Horizontal Gaze Palsy With Progressive Scoliosis: Two Novel ROBO3 Mutations in a Compound Heterozygous Sporadic Case
A 34-year-old woman was born at full term from nonconsanguineous parents with normal psychological development and no family history of scoliosis or gaze palsy. At the age of 6 months, her parents and physicians noticed a lack of full ocular motility. At the age 9 years, physical examination demonstrated dorsal lumbar scoliosis and the absence of the horizontal eye movements without nystagmus. Brain MRI showed typical signs of HGPPS. Sequencing of all 28 coding exons of the ROBO3 gene revealed 2 polymorphisms in the exon 8 (rs4935898) and in the intron 22 (rs145185934 deletion), and 2 novel mutations: a heterozygous missense mutation and a splice-site mutation. The missense mutation was a c.1433 C>T transition in the exon 9. To our knowledge, this novel mutation (p.Pro478Leu) has not been reported and it is not present in 1000 genomes database nor in the Exome Variant Server. Furthermore, evidence support the pathogenicity of the mutation found: 1) clinical features were consistent with the HGPPS phenotype; 2) besides the P478L change, the sequence of the entire gene was normal; 3) the proline-478 is well conserved among ROBO3s as predicted by Clustal W2 software (EMBL-EBI, Hinxton, UK) 4) bioinformatic programs predicted that this variant likely has pathological functional effect (PolyPhen [Harvard, Cambridge, MA] with a score of 0.995; Sorting Intolerant From Tolerant software [J. Craig Venter Institute, Rockville, MD] P = 0.02, intolerant threshold of 0.05; SNAP [Rostlab, Munich, Germany] prediction: nonneutral, expected accuracy: 96%; Panther Classification System [Gene Ontology Consortium, Washington, DC] −5.72042, P = 0.938; SNPs & Go [Bologna Biocomputing Group, Bologna, Italy] effect: disease, Reliability Index: 7).

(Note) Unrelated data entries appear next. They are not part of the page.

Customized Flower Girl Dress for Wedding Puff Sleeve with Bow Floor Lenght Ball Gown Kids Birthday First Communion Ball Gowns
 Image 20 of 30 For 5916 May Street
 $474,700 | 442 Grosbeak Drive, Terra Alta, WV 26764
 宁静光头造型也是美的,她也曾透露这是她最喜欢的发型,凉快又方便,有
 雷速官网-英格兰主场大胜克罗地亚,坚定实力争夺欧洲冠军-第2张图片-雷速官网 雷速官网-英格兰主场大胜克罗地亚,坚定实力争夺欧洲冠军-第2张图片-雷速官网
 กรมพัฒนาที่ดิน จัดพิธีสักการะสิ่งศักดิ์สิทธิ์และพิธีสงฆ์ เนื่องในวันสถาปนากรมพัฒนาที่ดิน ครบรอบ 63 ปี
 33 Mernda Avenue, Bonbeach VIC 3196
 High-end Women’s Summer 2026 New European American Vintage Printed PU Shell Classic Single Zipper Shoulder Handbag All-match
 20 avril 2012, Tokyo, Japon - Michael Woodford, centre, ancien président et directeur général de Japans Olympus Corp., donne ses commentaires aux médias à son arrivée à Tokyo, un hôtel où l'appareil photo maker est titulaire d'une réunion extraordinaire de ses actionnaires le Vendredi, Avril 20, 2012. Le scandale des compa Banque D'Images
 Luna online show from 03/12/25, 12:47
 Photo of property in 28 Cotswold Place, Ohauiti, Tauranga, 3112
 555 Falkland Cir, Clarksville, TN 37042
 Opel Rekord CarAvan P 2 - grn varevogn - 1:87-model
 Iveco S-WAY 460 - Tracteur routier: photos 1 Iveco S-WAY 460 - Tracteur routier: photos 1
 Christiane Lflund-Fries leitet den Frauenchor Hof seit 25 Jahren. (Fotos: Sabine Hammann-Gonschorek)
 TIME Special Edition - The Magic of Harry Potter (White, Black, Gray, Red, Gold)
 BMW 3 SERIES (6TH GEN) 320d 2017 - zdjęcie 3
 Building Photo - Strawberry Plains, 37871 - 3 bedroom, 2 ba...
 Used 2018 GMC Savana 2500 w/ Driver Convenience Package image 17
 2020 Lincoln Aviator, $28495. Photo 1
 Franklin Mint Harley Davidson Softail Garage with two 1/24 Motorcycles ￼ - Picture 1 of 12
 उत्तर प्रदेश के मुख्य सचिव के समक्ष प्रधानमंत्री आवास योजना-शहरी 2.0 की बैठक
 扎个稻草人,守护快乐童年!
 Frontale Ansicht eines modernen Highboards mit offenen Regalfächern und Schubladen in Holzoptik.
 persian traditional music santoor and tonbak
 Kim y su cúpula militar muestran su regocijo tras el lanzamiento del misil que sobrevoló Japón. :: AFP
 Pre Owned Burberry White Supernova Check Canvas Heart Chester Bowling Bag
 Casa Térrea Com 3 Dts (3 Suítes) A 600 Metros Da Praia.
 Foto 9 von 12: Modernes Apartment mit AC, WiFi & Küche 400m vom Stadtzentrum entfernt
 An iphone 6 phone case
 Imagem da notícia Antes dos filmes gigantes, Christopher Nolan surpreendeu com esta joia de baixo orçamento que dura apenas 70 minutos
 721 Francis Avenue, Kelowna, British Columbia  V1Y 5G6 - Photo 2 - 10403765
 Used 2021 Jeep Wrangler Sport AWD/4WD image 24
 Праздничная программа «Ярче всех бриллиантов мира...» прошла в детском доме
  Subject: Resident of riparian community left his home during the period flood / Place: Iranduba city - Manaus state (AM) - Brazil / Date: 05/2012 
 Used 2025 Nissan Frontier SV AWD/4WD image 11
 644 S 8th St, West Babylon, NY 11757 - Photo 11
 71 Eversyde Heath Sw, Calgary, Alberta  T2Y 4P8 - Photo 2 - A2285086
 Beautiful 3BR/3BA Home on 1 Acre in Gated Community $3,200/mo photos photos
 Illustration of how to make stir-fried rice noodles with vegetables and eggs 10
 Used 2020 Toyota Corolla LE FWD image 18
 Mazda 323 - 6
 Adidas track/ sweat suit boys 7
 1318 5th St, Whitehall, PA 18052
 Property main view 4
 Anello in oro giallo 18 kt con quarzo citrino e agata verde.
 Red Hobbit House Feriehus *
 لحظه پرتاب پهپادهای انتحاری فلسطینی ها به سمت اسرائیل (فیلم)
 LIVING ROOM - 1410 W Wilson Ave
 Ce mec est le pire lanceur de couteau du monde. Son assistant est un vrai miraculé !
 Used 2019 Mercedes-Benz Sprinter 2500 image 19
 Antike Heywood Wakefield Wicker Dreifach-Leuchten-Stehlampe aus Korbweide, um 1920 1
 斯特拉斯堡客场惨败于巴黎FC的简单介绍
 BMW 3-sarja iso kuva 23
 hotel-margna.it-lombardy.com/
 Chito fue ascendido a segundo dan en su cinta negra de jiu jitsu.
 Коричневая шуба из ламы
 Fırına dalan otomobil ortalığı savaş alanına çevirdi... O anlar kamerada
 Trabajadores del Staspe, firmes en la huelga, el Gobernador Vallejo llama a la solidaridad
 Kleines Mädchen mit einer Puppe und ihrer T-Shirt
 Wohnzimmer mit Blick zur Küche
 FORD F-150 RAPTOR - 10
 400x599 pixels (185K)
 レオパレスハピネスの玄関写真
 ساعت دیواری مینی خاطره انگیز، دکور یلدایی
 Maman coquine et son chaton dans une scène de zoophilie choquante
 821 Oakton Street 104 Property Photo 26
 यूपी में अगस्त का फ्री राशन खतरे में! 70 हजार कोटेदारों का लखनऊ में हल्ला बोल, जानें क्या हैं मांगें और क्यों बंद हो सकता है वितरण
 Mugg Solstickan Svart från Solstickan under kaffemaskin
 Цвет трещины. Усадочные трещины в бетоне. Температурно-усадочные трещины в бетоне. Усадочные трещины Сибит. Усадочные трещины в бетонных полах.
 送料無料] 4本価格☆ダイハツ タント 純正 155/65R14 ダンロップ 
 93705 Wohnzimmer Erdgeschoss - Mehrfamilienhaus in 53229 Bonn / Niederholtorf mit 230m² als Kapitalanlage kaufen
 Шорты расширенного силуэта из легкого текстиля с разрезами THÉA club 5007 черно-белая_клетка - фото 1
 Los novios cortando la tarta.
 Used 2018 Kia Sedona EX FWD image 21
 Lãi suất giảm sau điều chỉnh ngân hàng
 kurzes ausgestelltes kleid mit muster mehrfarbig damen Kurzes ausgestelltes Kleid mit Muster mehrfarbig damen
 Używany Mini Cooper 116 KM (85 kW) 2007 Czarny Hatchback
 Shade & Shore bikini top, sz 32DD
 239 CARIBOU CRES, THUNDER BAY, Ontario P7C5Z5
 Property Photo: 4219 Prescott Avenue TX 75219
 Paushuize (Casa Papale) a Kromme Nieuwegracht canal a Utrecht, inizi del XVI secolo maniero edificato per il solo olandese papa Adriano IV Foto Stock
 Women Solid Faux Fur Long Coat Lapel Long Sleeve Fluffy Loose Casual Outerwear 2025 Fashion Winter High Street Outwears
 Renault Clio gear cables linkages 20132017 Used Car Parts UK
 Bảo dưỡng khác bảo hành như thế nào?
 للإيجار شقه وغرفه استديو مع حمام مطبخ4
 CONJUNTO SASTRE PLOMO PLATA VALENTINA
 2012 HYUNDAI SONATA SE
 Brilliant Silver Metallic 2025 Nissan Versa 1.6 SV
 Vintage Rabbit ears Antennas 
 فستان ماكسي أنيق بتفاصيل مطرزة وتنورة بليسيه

The splice-site mutation c.3321-G>A occurs in the acceptor splice site of the intron 22 and probably leads to a missplicing. The in silico analysis (NNNSplice09; Berkeley Drosophila Genome Project, Berkeley, CA) revealed that the transition G>A abolishes the acceptor splice site. This change probably generates a loss of splicing in this region that could lead to an aberrant protein.
HGPPS is characterized by a peculiar morphological pattern on MRI, diffusion tensor imaging, and functional MRI (fMRI) that directly or indirectly results in the absence or only partial decussation of some bundles of white matter in the brainstem (2,3). In this disorder, the internuclear nucleus axons of the sixth nerve nucleus do not cross the midline to ascend in the medial longitudinal fasciculi to synapse with the neurons within the third nerve nucleus complex innervating the medial rectus muscles. The failed decussation of the axons of the interneurons is the primary cause of the defective control on horizontal eye movements.
The etiology of progressive scoliosis in patients with HGPPS remains unknown. Neuroimaging and fMRI findings also have shown defective decussation within the brainstem, specifically involving the corticospinal tracts, superior cerebellar peduncles, and transverse fibers in the pons. Although a neurogenic mechanism for scoliosis has been postulated (4), it is unclear whether this is related to mutations of the ROBO3 gene because HGPPS with scoliosis has been described without detectable mutations in that gene (5). This raises epigenetic and/or environmental factors as potentially playing a role in development of scoliosis.